START PROVIDED RECORDS

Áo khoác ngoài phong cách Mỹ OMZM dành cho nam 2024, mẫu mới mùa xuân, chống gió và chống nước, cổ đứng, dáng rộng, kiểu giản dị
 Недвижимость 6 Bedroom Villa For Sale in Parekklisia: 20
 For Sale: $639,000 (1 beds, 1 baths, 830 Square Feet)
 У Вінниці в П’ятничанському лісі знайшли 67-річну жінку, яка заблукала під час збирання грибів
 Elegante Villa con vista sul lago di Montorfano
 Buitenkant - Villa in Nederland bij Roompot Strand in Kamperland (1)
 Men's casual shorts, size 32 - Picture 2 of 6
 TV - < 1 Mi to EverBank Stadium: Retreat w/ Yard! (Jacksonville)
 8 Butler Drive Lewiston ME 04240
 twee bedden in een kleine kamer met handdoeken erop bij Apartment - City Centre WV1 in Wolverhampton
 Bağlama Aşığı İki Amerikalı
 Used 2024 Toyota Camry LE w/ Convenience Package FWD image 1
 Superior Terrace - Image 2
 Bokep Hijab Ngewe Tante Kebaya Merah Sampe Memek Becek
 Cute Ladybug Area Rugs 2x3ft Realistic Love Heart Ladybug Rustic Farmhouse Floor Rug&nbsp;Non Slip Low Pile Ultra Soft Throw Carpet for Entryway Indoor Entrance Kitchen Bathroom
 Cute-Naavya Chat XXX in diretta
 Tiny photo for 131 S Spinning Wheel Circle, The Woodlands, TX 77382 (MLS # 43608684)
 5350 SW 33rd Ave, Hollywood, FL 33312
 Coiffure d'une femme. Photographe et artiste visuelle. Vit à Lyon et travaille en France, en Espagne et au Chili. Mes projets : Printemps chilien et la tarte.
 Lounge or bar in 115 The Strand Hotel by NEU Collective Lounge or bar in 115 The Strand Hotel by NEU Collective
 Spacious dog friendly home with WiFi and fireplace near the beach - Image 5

END PROVIDED RECORDS

» WHAT THIS TASK INVOLVES: Which lines run from the one containing "Coiffure d'une femme." to the end of the data? Output them exactly, with nothing added.

» ANSWER TO THIS TASK:
 Coiffure d'une femme. Photographe et artiste visuelle. Vit à Lyon et travaille en France, en Espagne et au Chili. Mes projets : Printemps chilien et la tarte.
 Lounge or bar in 115 The Strand Hotel by NEU Collective Lounge or bar in 115 The Strand Hotel by NEU Collective
 Spacious dog friendly home with WiFi and fireplace near the beach - Image 5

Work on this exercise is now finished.